Jornal O Serigráfico

 

Há alguns meses atrás, escrevi, nessa coluna, que Donald Trump faria de tudo para retroceder com as ações favoráveis ao meio ambiente e à saúde da população e do planeta. Gostaria que essas ações não fossem deflagradas tão rapidamente, mas em pouco mais de três meses de governo, além dele assumir que ordenou atacar a Síria, indo contra os tratados da ONU de paz, provocando as nações a tomarem partido e formar “blocos” pró e contra sua  extraordinária atitude, temos ainda os desmandos e revogação de Leis oficializadas pelo ex  governo presidenciável de Barack Obama.

Ao assinar em 28 de março de 2017 o decreto executivo da Independência Energética, ele assinou o retrocesso com impactos negativos para a sociedade de uma forma incalculável. Ao atacar a Síria, em 06 de abril, num bombardeio contra a base aérea de Shayrat, em Homs – uma das principais bases da força aérea do governante líder sírio Bashar al-Assad – ataque por represália a um ataque químico realizado em Khan Sheikhun província dominada por rebeldes, a qual a casa Branca atribui as forças de Assad, mas não se tem certeza, agravou a guerra civil na Síria, que nesses últimos seis anos já deixou centenas de milhares de mortos e mais de cinco milhões de refugiados pelo mundo.

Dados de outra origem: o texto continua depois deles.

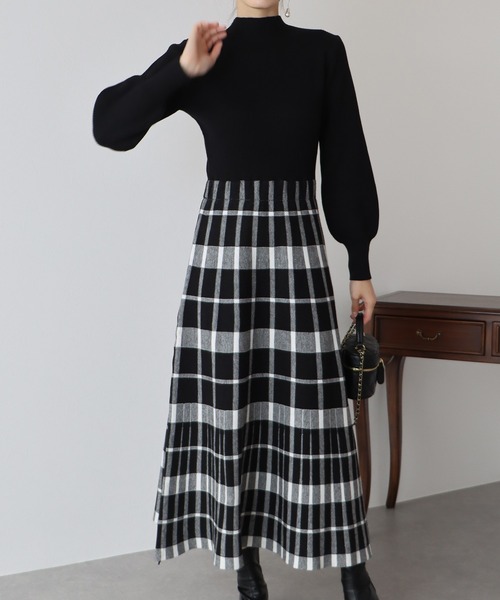 「BLUEEAST」 ニットワンピース MEDIUM グレー レディース_画像5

A maior nação poluente, por exemplo, em emissões de gases estufa (GEE), que provocam o aquecimento global, os Estados Unidos da América, ao liberar energia proveniente das usinas de carvão, que é uma das fontes de energia mais poluentes e prejudiciais para a saúde humana, dá o exemplo de um grande erro, desestimulando todo um trabalho de décadas, de cientistas e educadores, que provaram todo o malefício para a população se a temperatura aumentar em dois graus centígrados, provocado pelo efeito das emissões dos gases estufa, em toda a cadeia alimentar e biota, afetando todas as espécies de vida, inclusive a nossa.  Essa atitude egoísta e capitalista vem na contramão da direção que o mundo deve tomar, caso queira que a vida humana seja preservada e reparar o erro causado por falta de conhecimento: energia limpa e desenvolvimento sustentável.  A ideia de que quanto mais chaminés soltando fumaça, usando energias não sustentáveis e limpas, é sinal de grande desenvolvimento, já foi abolida há muitas décadas… Só Donald Trump não foi avisado, a saber.

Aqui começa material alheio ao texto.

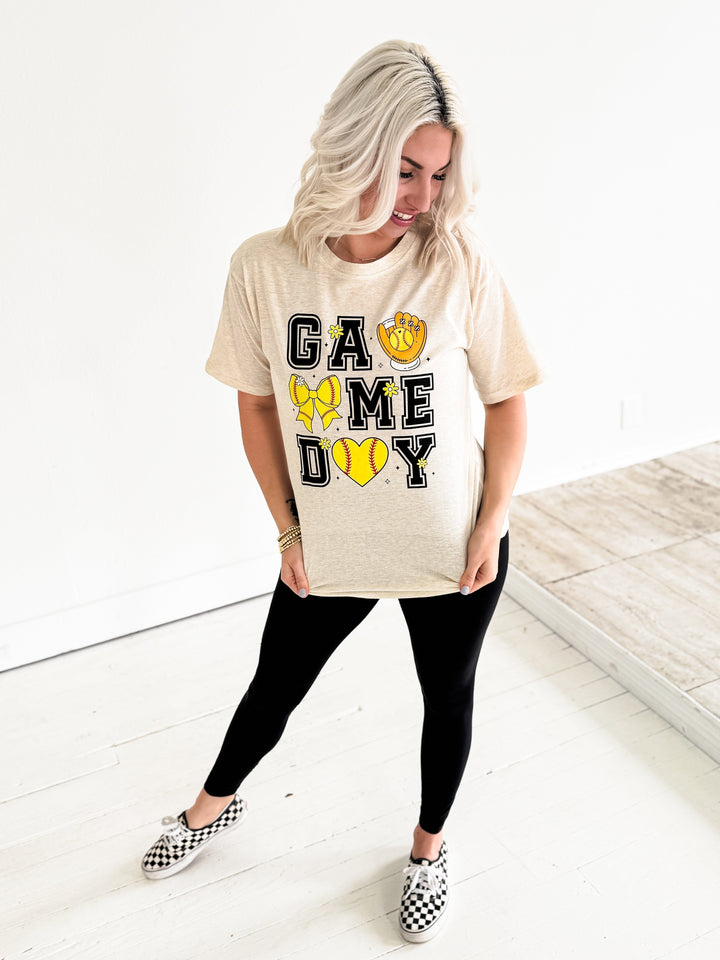 Envy Stylz Wholesale Women - Apparel - Shirts - T-Shirts Game Day Softball Graphic Tee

O problema é que, se ele, o homem de maior poder do mundo, decreta essas insensatezes e as pessoas americanas, por medo e ou por vantagem financeira, acatam essa resolução, outras nações como China também não combaterão o aquecimento global e, assim a Índia, Brasil…

O governo de Michel Temer e o ministro Sarney Filho estão propensos a duas liberações significativas para contribuir com o Trump. Temer, por sua vez, pode reduzir áreas de Florestas na Amazônia, as criadas Unidades de Conservação (UC) só para atender os grandes ruralistas do agronegócio no Amazonas. E nosso ministro do Meio Ambiente quer um licenciamento ambiental “flex”, onde isenta da necessidade de licença 97% dos imóveis rurais do país, praticamente acabando com o licenciamento ambiental no Brasil. Eles só não entendem que se fizerem isso de destruir a Amazônia, aliado ao conjunto dos efeitos da mudança global do clima, poderão quebrar um ciclo de irrigação da região mantido, exatamente, por essas florestas que mantém o regime de chuvas e abastece a agricultura. Sem florestas, a temperatura sobe e a chuva diminui. Exemplo do que acontece com a região do Xingu, desde 2000.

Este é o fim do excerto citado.